Slowly but surely the undying agrarian controversy passed with the
Colony's progress into new stages. In the early days we have seen the
battle between the "sufficient price" of Gibbon Wakefield and the
cheap land of Grey, the good and evil wrought by the former, the wide
and lasting mischief brought about by the latter. By 1876 price had
ceased to be the main point at issue. It was agreed on all hands that
town and suburban lands parted with by the Crown should be sold by
auction at fairly high upset prices; and that rural agricultural land
should be divided into classes--first, second, and third--and should
not be sold by auction, but applied for by would-be occupants prepared
to pay from L2 to 10s. an acre, according to quality. More and more
the land laws of the Colony were altered so as to favour occupation by
small farmers, who were not compelled to purchase their land for cash,
but permitted to remain State tenants at low rentals, or allowed to
buy the freehold by gradual instalments, termed deferred payments.
Even the great pastoral leaseholds were to some extent sub-divided as
the leases fell in. The efforts of the land reformers were for many
years devoted to limiting the acreage which any one person could
buy or lease, and to ensuring that any person acquiring land should
himself live thereon, and should use and improve it, and not leave it
lying idle until the spread of population enabled him to sell it at
a profit to some monopolist or, more often, some genuine farmer. As
early as 1856 Otago had set the example of insisting on an outlay
of 30s. an acre in improvement by each purchaser of public land.
Gradually the limiting laws were made more and more stringent, and
were partly applied even to pastoral leases. Now, in 1898, no person
can select more than 640 acres of first-class or 2,000 acres of
second-class land, including any land he is already holding. In other
words, no considerable landowner can legally acquire public land.
Pastoral "runs"--_i.e._, grazing leases--must not be larger than such
as will carry 20,000 sheep or 4,000 cattle, and no one can hold more
than one run. The attempts often ingeniously made to evade these
restrictions by getting land in the names of relatives, servants,
or agents are called "dummyism," and may be punished by
imprisonment--never inflicted--by fines, and by forfeiture of the land

[Footnote 1: Many a good story is founded on the adventures of
land-buyers in their endeavours to evade the spirit and obey the
letter of land regulations. In 1891 a rhymester wrote in doggerel
somewhat as follows of the experiences of a selector who "took up" a
piece of Crown land--

"On a certain sort of tenure, which his fancy much preferred,
That convenient kind of payment which is known as the 'deferred.'

"Now the laws in wise New Zealand with regard to buying land,
Which at divers times and places have been variously planned,
Form a code that's something fearful, something wonderful and grand.

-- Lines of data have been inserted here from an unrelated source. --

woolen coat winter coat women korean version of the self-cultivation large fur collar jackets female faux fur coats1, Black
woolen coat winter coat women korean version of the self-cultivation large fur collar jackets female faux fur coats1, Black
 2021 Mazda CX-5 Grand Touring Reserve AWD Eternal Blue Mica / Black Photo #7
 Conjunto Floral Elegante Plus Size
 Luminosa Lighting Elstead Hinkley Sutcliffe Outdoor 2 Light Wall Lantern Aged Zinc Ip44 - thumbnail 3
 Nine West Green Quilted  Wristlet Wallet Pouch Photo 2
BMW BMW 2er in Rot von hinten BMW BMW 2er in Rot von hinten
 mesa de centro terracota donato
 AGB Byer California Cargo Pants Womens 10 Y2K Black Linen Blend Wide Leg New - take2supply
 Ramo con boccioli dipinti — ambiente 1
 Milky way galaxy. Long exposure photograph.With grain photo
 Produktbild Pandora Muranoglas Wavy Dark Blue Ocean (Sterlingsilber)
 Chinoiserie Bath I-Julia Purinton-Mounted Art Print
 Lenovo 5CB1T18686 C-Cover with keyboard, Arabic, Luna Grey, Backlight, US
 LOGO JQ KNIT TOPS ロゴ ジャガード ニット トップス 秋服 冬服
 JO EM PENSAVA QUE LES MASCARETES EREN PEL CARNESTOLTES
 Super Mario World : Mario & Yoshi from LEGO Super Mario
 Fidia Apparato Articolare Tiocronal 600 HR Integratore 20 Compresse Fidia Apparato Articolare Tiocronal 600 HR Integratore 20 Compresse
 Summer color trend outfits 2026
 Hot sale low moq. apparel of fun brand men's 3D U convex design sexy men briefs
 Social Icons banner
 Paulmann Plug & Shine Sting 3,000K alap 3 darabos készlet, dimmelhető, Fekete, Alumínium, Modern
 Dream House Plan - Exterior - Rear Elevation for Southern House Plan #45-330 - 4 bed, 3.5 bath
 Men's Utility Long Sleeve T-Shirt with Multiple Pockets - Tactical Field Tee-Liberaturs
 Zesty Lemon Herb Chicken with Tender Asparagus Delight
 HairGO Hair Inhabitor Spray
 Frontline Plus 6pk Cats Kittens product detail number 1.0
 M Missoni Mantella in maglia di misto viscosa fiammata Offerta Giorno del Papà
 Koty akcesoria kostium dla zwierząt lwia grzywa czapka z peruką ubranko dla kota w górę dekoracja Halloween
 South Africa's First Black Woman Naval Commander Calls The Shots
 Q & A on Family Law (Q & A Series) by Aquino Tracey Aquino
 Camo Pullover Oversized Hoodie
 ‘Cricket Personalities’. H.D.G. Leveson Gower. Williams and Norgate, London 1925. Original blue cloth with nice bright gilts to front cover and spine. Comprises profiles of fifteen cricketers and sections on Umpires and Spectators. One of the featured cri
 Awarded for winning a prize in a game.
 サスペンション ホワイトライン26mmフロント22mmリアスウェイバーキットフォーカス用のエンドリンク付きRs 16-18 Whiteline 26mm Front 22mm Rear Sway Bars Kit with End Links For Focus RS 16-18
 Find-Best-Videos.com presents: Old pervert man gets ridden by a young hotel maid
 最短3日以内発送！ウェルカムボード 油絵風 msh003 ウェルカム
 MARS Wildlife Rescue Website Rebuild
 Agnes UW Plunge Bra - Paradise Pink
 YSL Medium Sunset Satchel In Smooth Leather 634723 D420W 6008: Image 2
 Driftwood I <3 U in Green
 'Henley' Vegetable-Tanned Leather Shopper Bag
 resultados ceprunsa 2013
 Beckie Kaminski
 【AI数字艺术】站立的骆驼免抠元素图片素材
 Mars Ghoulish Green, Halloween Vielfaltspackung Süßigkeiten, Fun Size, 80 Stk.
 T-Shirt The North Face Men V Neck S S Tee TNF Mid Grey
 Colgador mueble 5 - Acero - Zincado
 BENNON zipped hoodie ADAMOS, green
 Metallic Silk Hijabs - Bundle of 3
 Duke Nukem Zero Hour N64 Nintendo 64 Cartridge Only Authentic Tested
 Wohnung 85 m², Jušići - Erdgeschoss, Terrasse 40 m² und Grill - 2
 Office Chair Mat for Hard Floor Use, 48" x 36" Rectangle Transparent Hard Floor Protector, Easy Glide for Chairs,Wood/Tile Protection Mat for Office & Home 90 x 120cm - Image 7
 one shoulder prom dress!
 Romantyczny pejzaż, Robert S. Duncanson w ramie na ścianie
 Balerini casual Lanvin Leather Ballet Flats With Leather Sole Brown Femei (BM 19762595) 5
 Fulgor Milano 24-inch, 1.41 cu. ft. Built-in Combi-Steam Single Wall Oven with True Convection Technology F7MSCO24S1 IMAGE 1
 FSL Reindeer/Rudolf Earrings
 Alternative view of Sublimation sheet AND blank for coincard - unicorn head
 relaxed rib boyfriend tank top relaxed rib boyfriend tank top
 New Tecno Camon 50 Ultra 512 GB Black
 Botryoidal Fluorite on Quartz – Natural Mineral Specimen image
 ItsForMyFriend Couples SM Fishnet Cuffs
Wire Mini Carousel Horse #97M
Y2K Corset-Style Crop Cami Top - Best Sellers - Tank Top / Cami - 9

"You may get a thousand acres, and you haven't got to pay
Aught but just a small deposit in a friendly sort of way.

"But you mustn't own a freehold, and you mustn't have a run,
And you mustn't be a kinsman of a squatter owning one;

"But must build a habitation and contentedly reside,
And must satisfy the Land Board that you pass the night inside.

"For if any rash selector on his section isn't found
He is straightway doomed to forfeit all his title to the ground."]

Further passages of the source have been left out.